**Work request**
Print the data below exactly, but only the lines from the one containing "Oliva Naxos * Naxos City" down to the one containing "23 Sunnyside Rd, Southwick, MA", inclusive.

**Task data**
- Opening Delimiter -

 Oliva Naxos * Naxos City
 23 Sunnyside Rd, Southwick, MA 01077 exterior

- Closing Delimiter -
- Opening Delimiter -

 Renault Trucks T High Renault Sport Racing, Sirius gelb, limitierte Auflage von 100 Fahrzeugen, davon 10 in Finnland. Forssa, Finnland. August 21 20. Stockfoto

- Closing Delimiter -

**Answer**
 Oliva Naxos * Naxos City
 23 Sunnyside Rd, Southwick, MA 01077 exterior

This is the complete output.